On Free Will and Evolution

Feb 13, 2014 14:44

This was sparked by the recent debate about creationism vs. evolution, which I find is a bit of a silly debate to begin with. I mean I have no problem with other people's religions, but your religion is not the end-all be-all nor is it belonging in a science class. If it is a religious school, go ahead and teach that. Whatever, that is your call, but I don't think people of every religion should have to learn what your religion says.


Then I hear some questions from people, I see the comments and suddenly thoughts are sparked in my mind. I won't say I am without religion myself, but my own religious beliefs do not preclude science nor are they exactly simply summed up with "I believe in this" since I am afraid that I have taken from so many different ones to create mine that it becomes a bit of a challenge to recreate the exact tenants without boring people. But religion and science are copacetic, in fact much of my philosophy is taken from stoic philosophy which says that I must be logical above all else. I don't see gods and science as being unable to go together.

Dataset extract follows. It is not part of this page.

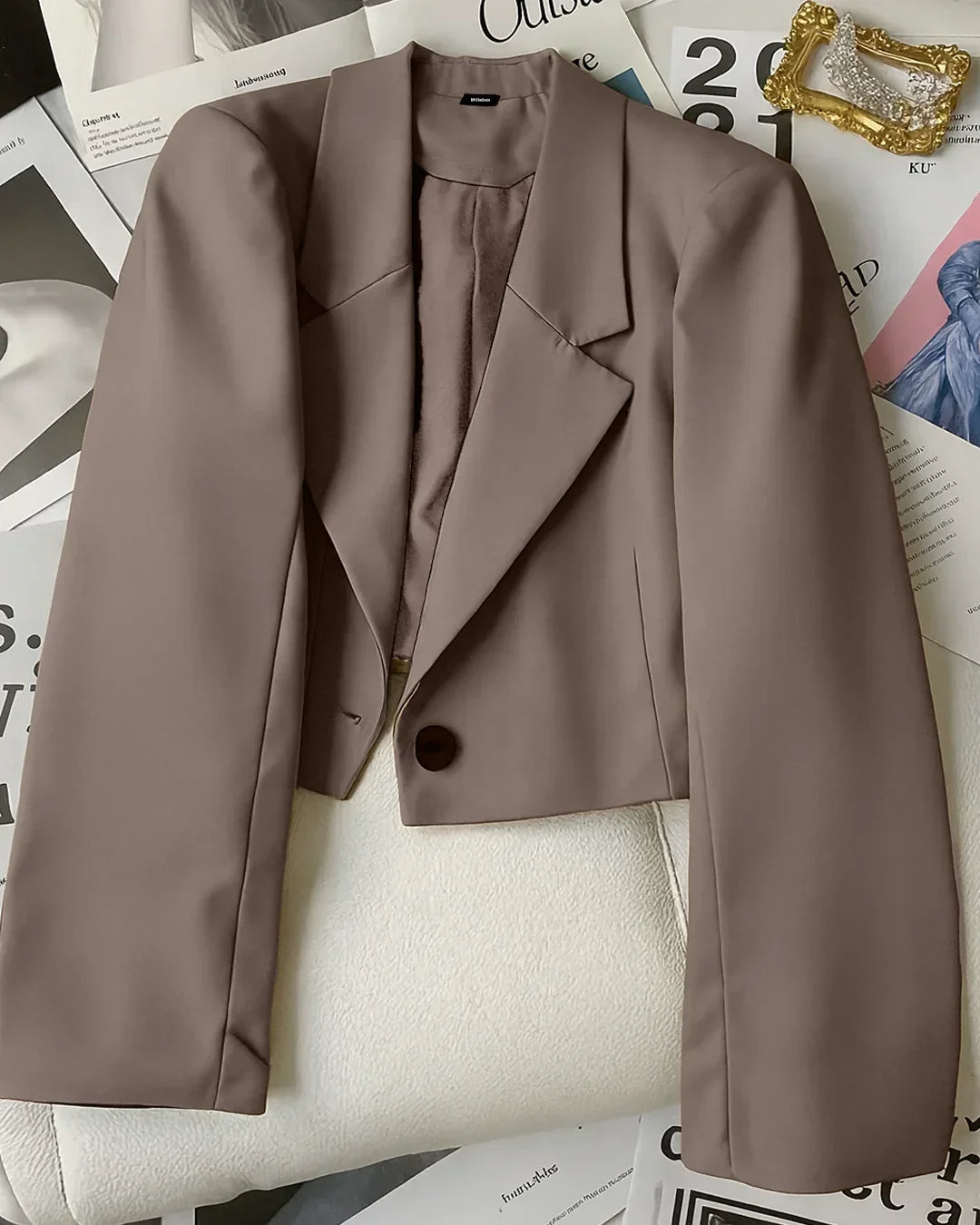 Cropped Single Button Casual Blazer in Cappuccino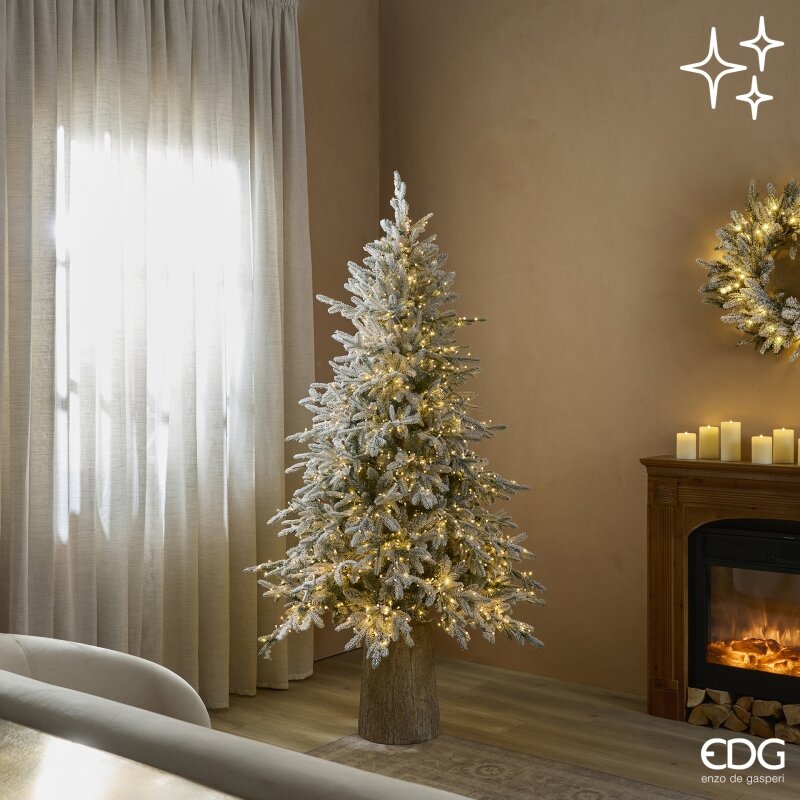 EDG Enzo De Gasperi Pino Cortina Innevato 1800 MiniLED H180 Ø125 cm Bianco Verde IP20 – Albero di Natale Luminoso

People say things like, do you really think all of this was by chance? And to that I say yes. Even though I sometimes feel that there is a poetry to life, a kind of weird divine grace even in the most painful of times, I am fully aware that this might just be my human instinct to try and make order and beauty where there was none intended. Chaos and disorder, just throwing things at a wall and seeing what sticks, is often the way of evolution and life in general. But rather than disheartening me at the prospect of no god directly molding this planet and my life exactly as they intended it it actually seems rather beautiful to me.

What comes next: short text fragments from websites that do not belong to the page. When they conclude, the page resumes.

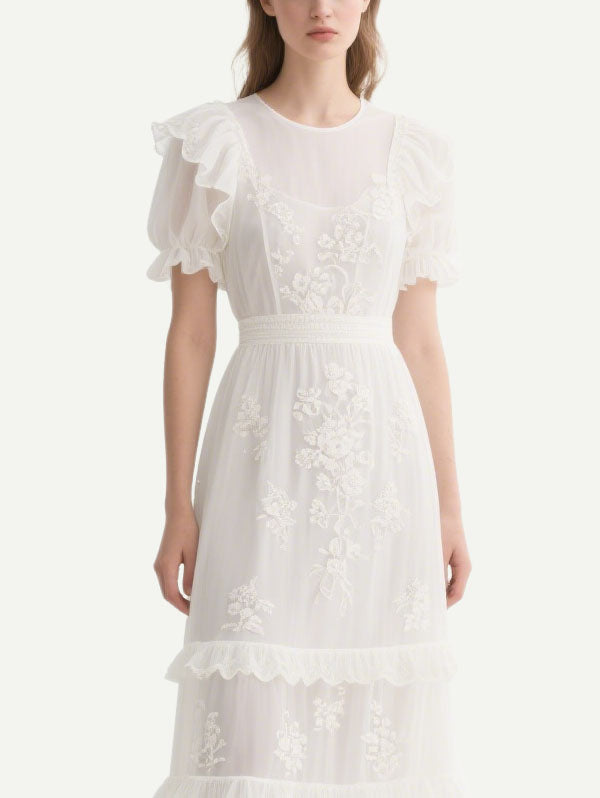 Women's Fashion Cascade Short Sleeve Dress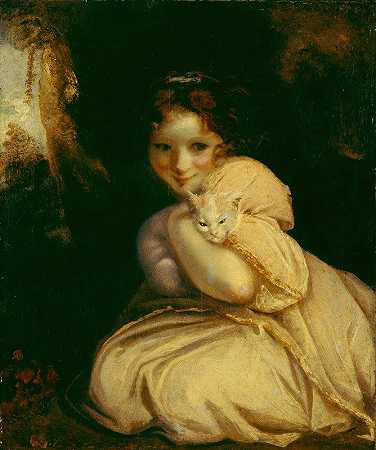 菲利娜和一只小猫`Felina with a Kitten (1788) by Sir Joshua Reynolds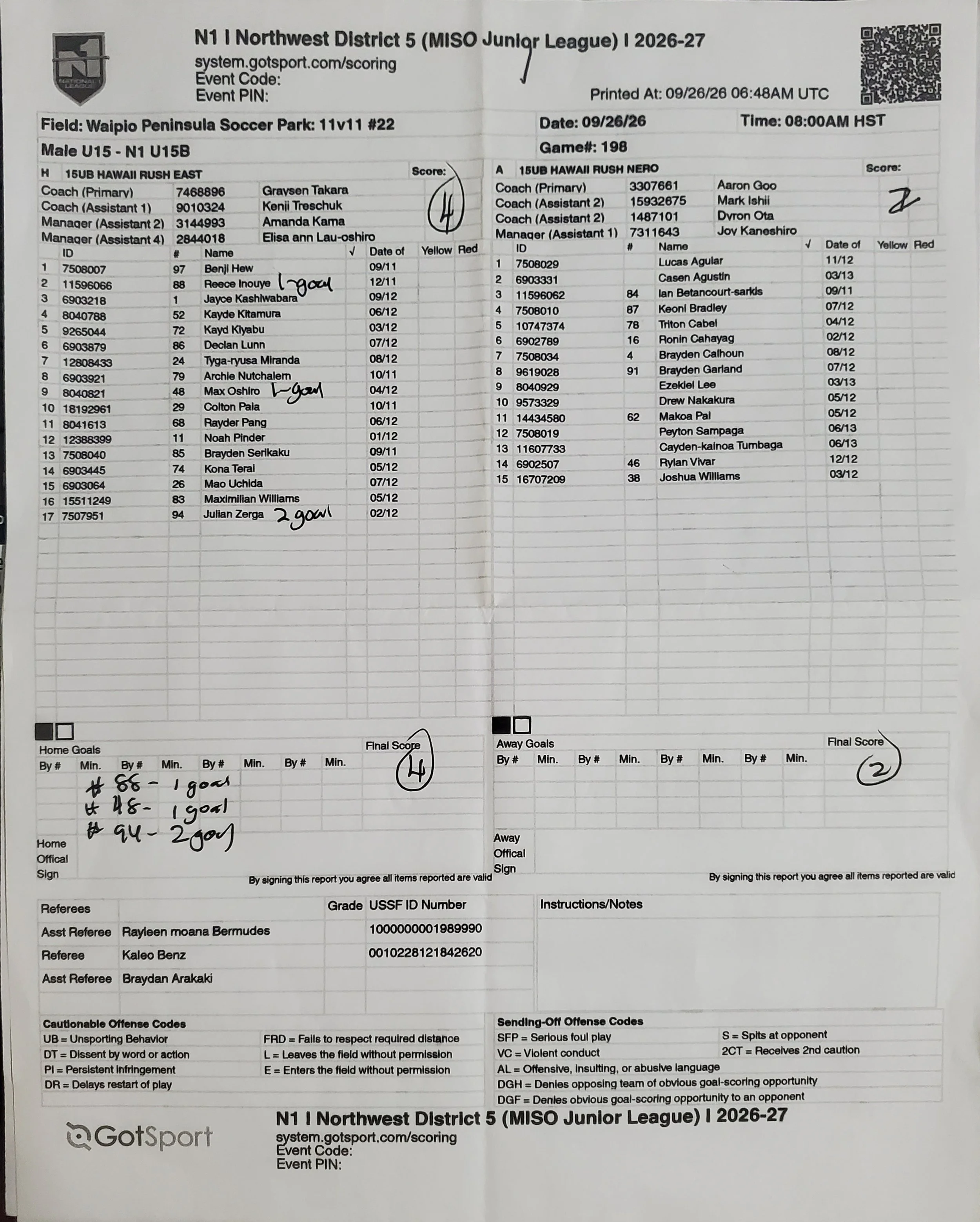 9/26/26 Game 198a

Why? Because that means all the wonderful things in this world are only because of us. We create the art, we create the poetry, we create the meaning. No one controls us, no one tells us what to do, we just saw that it would be a good addition and did it. We brought order to chaos, poetry to disorder. It is free will at our finest. If we are to give humans credit for the evils, all the murders and rapes, all the burnings at the stake, why can we not give them an equal credit in art and beauty? To me it only adds to the human condition to be able to say that nothing created us, that we created ourselves. We may never have the answer, but I don't know why the prospect of not being pre-destined to do everything is so frightening. To me, it is absolutely exciting if that is the option that happens to be true, for that still would make us the child of star dust and explosions. We are the product of billions of years and astounding odds. That is beautiful to me.